-- Records shown follows --

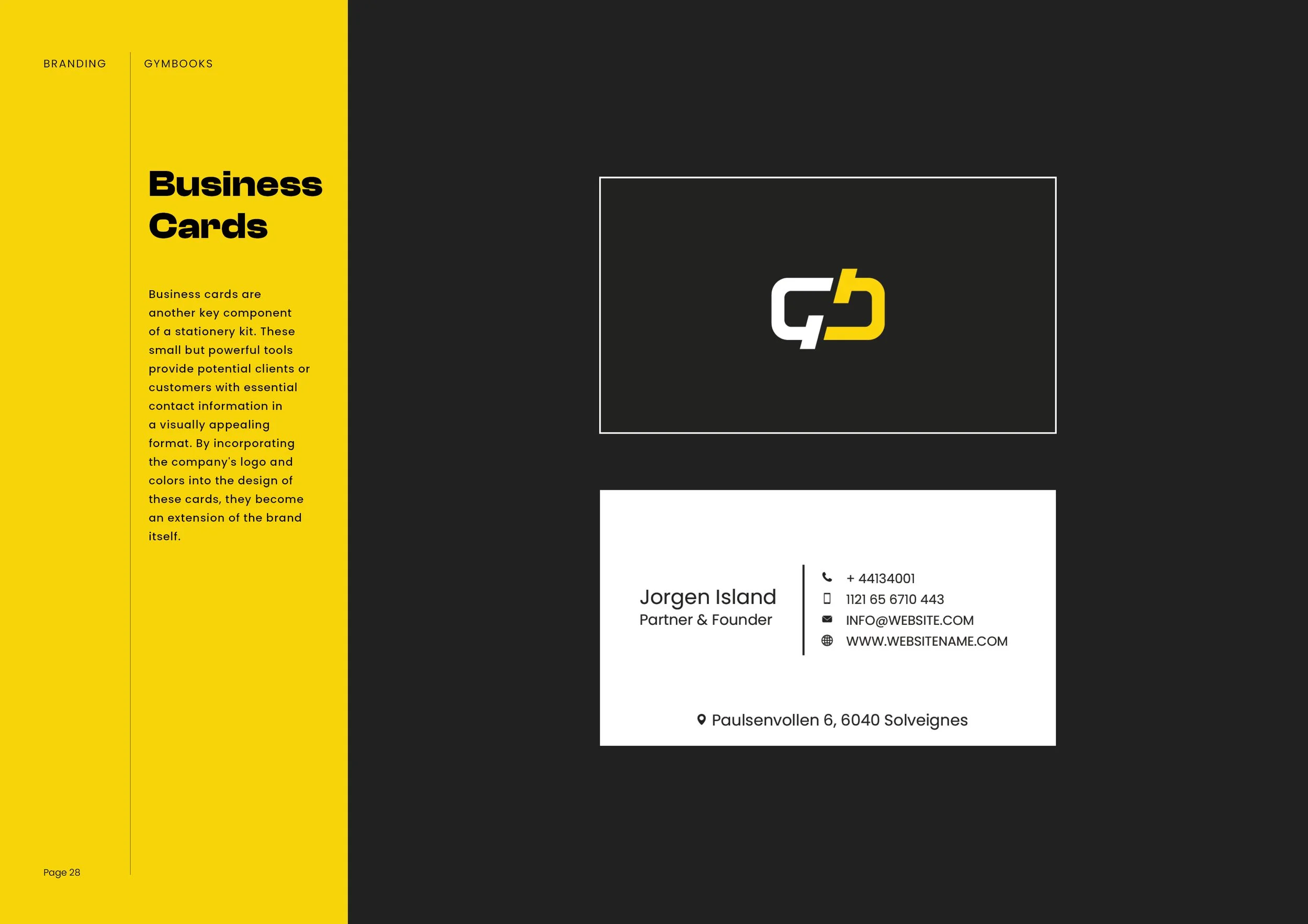 Gymbooks Logo Presentation28.jpg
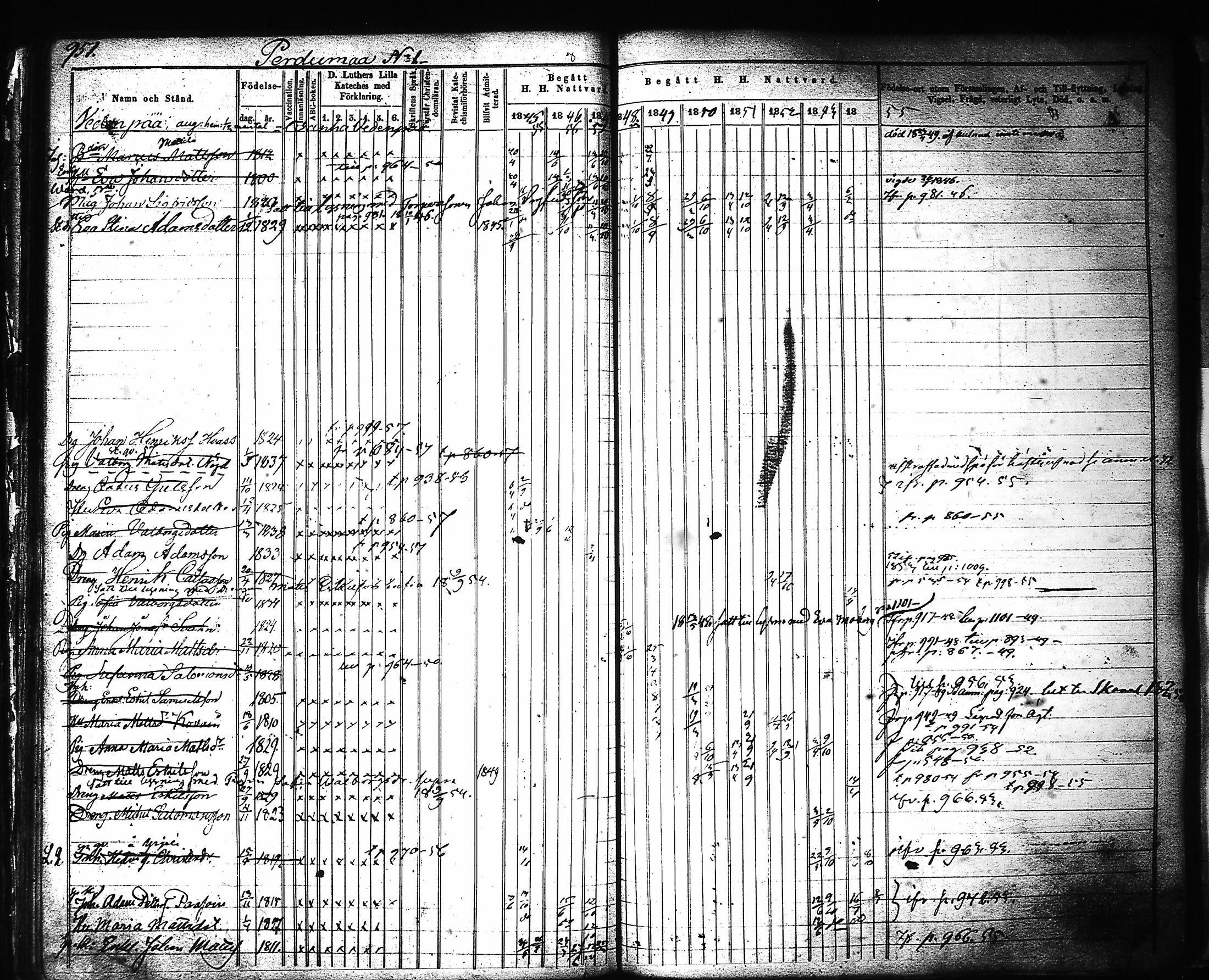 [ kuvat/176.jpg ]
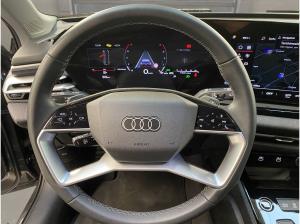 Audi A5 2.0 Avant TFSI W S-line -GW :plus Wochen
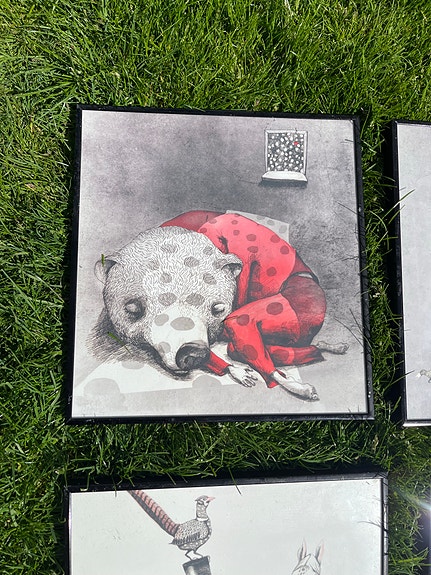 Product image 2 of 7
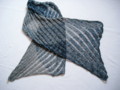 20091008001314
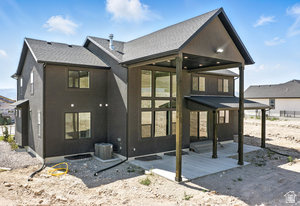 476 S 230 W Lehi, UT 84043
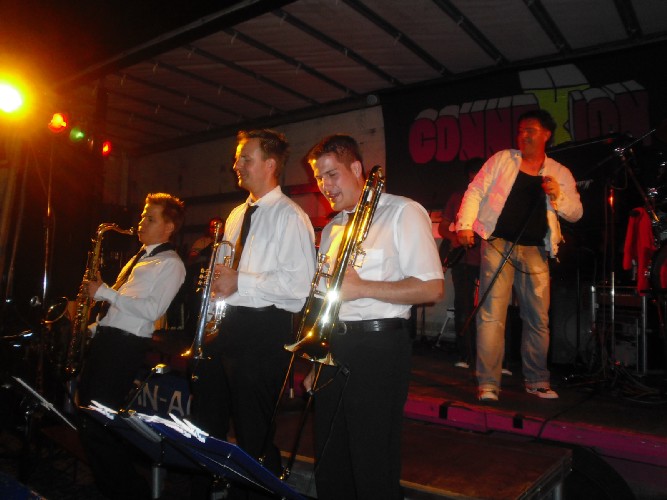 Marktplatzhockete10_052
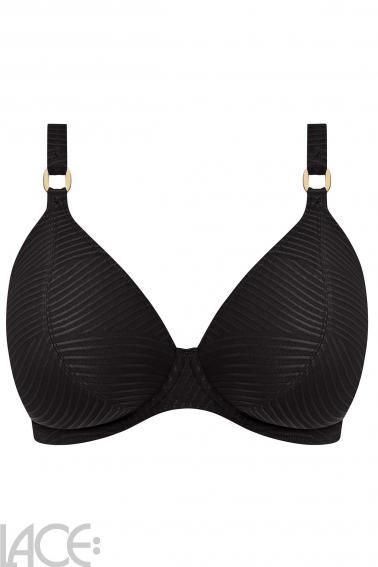 Freya Swim - Cala Cuba Bikini-BH Tiefes Dekolleté F-M Cup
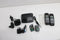 Gigaset AL385A Duo - DECT-telefoon - Antwoordapparaat Handsfree - Zwart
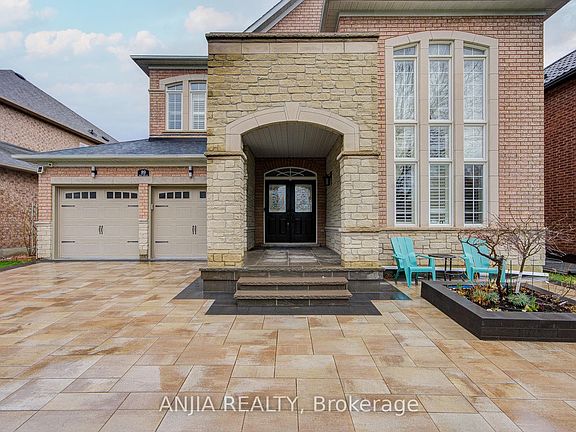 5th image of 89 Rouge Bank Dr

-- Records shown concluded --

## Work request
Word for word, restate the lines from the line containing "Marktplatzhockete10_052" through the end of the data, including the first and last of them. Pictures stay out.

## Expected answer
 Marktplatzhockete10_052
 Freya Swim - Cala Cuba Bikini-BH Tiefes Dekolleté F-M Cup
 Gigaset AL385A Duo - DECT-telefoon - Antwoordapparaat Handsfree - Zwart
 5th image of 89 Rouge Bank Dr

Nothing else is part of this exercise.